Objective: In this investigation, we addressed the contribution of the core circadian clock factor, BMAL1, in skeletal muscle to both acute transcriptional responses to exercise and transcriptional remodeling in response to exercise training. Additionally, we adopted a systems biology approach to investigate how loss of skeletal muscle BMAL1 altered peripheral tissue homeostasis as well as exercise training adaptations in iWAT, liver, heart, and lung of male mice.

Methods: Combining inducible skeletal muscle specific BMAL1 knockout mice, physiological testing and standardized exercise protocols, we performed a multi-omic analysis (transcriptomics, chromatin accessibility and metabolomics) to explore loss of muscle BMAL1 on muscle and peripheral tissue responses to exercise.

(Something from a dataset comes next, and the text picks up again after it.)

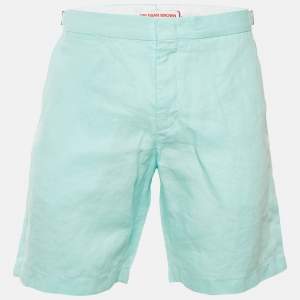 Pre Owned Orlebar Brown Turquoise Blue Linen Norwich Shorts L/ Waist 35"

Results: Muscle-specific BMAL1 knockout mice demonstrated a blunted transcriptional response to acute exercise, characterized by the lack of upregulation of well-established exercise responsive transcription factors including Nr4a3 and Ppargc1a. Six weeks of exercise training in muscle-specific BMAL1 knockout mice induced significantly greater and divergent transcriptomic and metabolomic changes in muscle. Surprisingly, liver, lung, inguinal white adipose and heart showed divergent exercise training transcriptomes with less than 5% of 'exercise-training' responsive genes shared for each tissue between genotypes.

Conclusions: Our investigation has uncovered the critical role that BMAL1 plays in skeletal muscle as a key regulator of gene expression programs for both acute exercise and training adaptations. In addition, our work has uncovered the significant impact that altered exercise response in muscle and its likely impact on the system plays in the peripheral tissue adaptations to exercise training. Our work also demonstrates that if the muscle adaptations diverge to a more maladaptive state this is linked to increased gene expression signatures of inflammation across many tissues. Understanding the molecular targets and pathways contributing to health vs. maladaptive exercise adaptations will be critical for the next stage of therapeutic design for exercise mimetics.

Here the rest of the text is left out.